**DATASET EXTRACT:**
☆ ☆ ☆ ☆

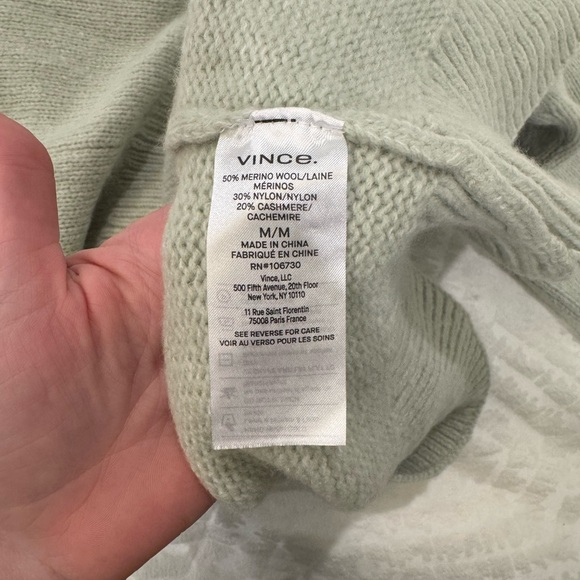 Vince wool/cashmere blend sweater nwt - Picture 6 of 6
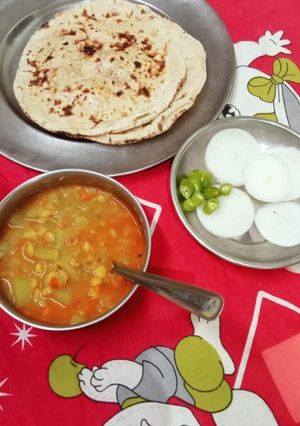 A picture of Loki aur chane ki daal.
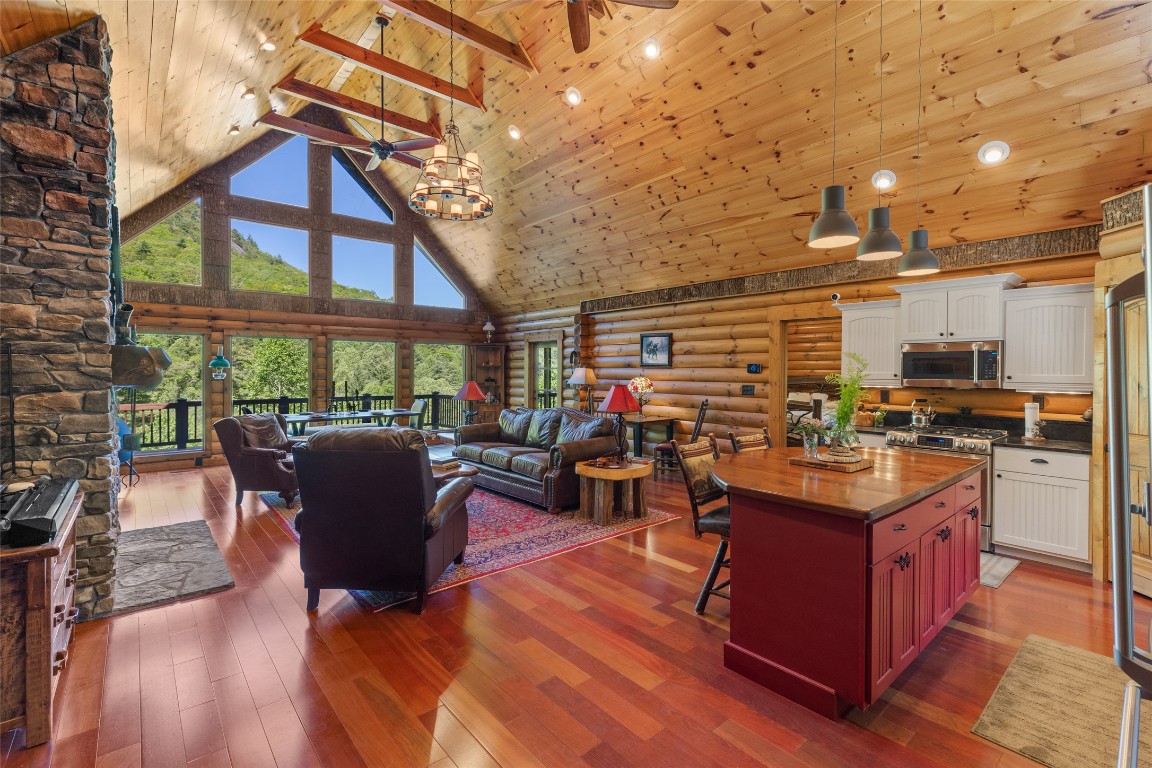 Highlands, North Carolina 28741, United States, 3 Bedrooms Bedrooms, ,3 BathroomsBathrooms,Residential,Active,139854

☆ ☆ ☆ ☆

**TASK TO CARRY OUT:** Everything in the listing above must be retyped exactly, except for the pictures.

**ANSWER SECTION:**
 Vince wool/cashmere blend sweater nwt - Picture 6 of 6
 A picture of Loki aur chane ki daal.
 Highlands, North Carolina 28741, United States, 3 Bedrooms Bedrooms, ,3 BathroomsBathrooms,Residential,Active,139854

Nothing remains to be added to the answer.